Once you have located the line containing "POCO X7 Pro" in the material below, return it exactly along with each line after it through the line containing "Märklin Spur1 5702".

◆ **TASK INPUTS**:
______________________________
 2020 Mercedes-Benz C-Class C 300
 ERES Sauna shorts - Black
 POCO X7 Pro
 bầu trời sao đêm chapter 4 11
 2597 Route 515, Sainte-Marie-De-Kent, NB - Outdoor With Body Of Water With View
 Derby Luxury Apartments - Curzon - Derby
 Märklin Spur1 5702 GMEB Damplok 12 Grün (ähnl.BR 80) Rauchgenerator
______________________________
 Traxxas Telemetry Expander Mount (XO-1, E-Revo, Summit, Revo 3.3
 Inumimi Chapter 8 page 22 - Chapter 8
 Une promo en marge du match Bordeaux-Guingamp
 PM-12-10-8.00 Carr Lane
______________________________
◆ **SOLUTION**:
 POCO X7 Pro
 bầu trời sao đêm chapter 4 11
 2597 Route 515, Sainte-Marie-De-Kent, NB - Outdoor With Body Of Water With View
 Derby Luxury Apartments - Curzon - Derby
 Märklin Spur1 5702 GMEB Damplok 12 Grün (ähnl.BR 80) Rauchgenerator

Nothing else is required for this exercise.